Anxiety is Just a Thing
I need to almost write two updates each day.
Mornings are hard for me before coffee. I'm tired and discouraged and life sucks.
But, it feels like the work I do here on this journal in the mornings sets me up to have a better day. I WANT to dive into the word of God and so I'm doing it.
Last night, I tried to talk to my husband about my current heightened anxiety/depression right now. He's heard it before, we've circled the same conversation, again and again, he'll do anything to help me. And, he's done everything to help me.
Anxiety is just a thing. It's there. And, it's okay that it's there.
Sometimes it's there less. Sometimes it's there more.
I've just got to keep talking about it and acknowledging it and telling myself that this will pass.
There will be less anxiety again.

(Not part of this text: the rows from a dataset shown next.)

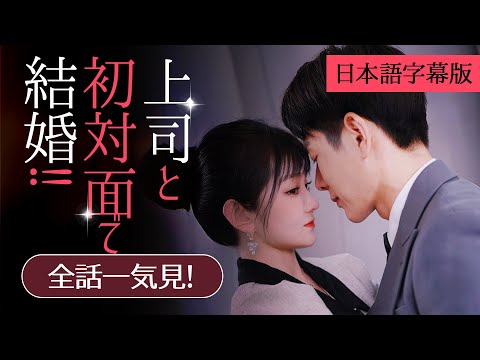 社内恋愛でちやほやされる甘々結婚を実現！同僚や母の反対をよそに！日本語字幕版【上司と初対面で結婚‼】一気に視聴！#社内恋愛#ドラマ#全話フル#スカっと#ショートドラマ#短編ドラマ#日本語字幕付き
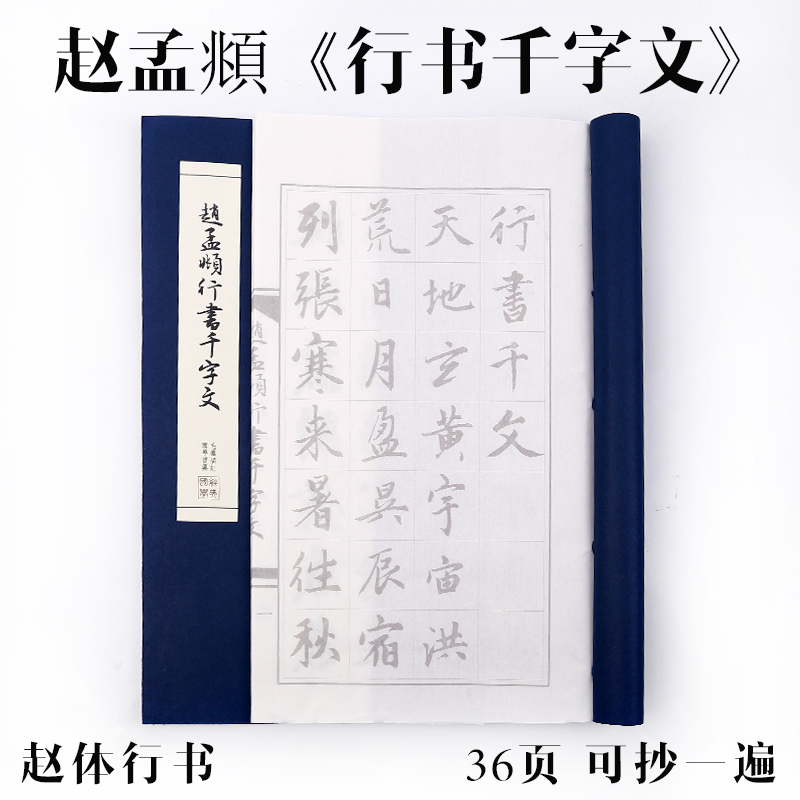 Brush Pen Copybooks Chinese Character Calligraphy Copybook Soft Brush Calligraphie Book Chinese Calligraphy Practice Copybooks: M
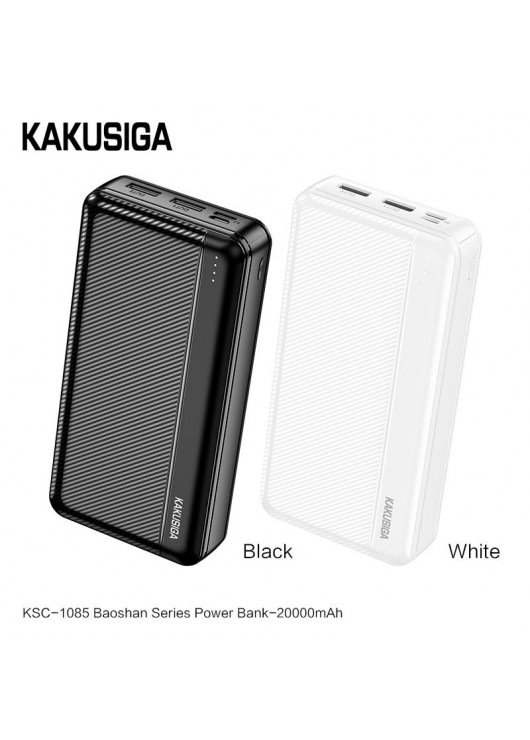 PowerBank Kakusiga 20000 mAh KSC-1085 Biały 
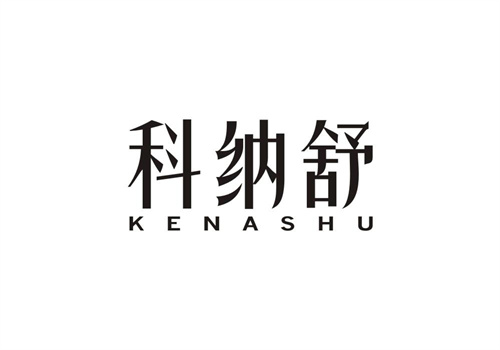 科納舒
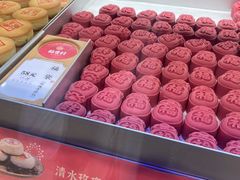 -稻香村(观前街店)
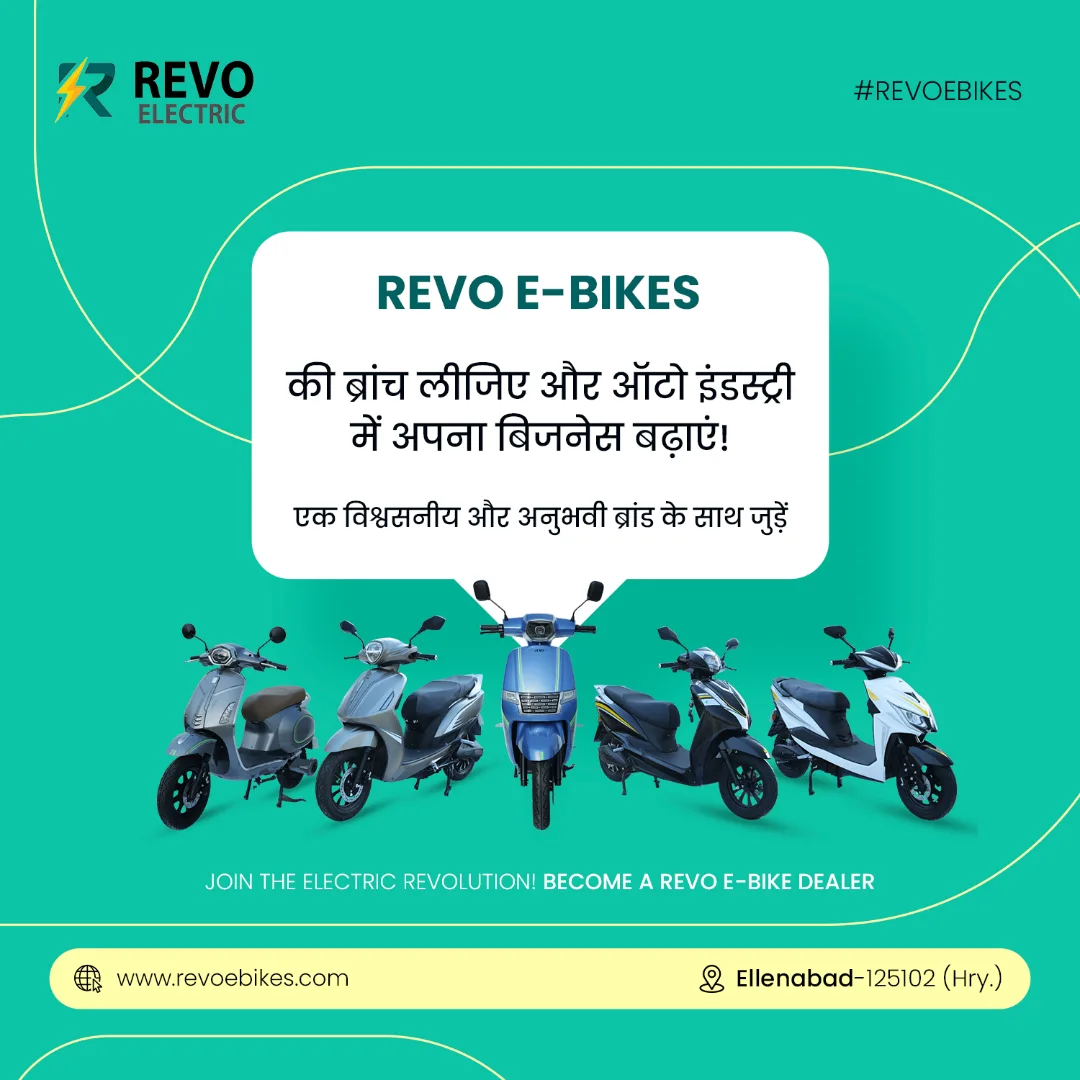 revo_ebike_1740457692_3575540735151426426_72445448354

It's okay that there's a lot right now.
***
"For our momentary, light distress [this passing trouble] is producing for us an eternal weight of glory [a fullness] beyond all measure [surpassing all comparisons, a transcendent splendor and an endless blessedness]! So we look not at the things which are seen, but at the things which are unseen; for the things which are visible are temporal [just brief and fleeting], but the things which are invisible are everlasting and imperishable." - 2 Corinthians 4:17-18 AMP
***
it's okay,
jj
P.S. As I publish this post, I feel a little lighter than I did before I opened it.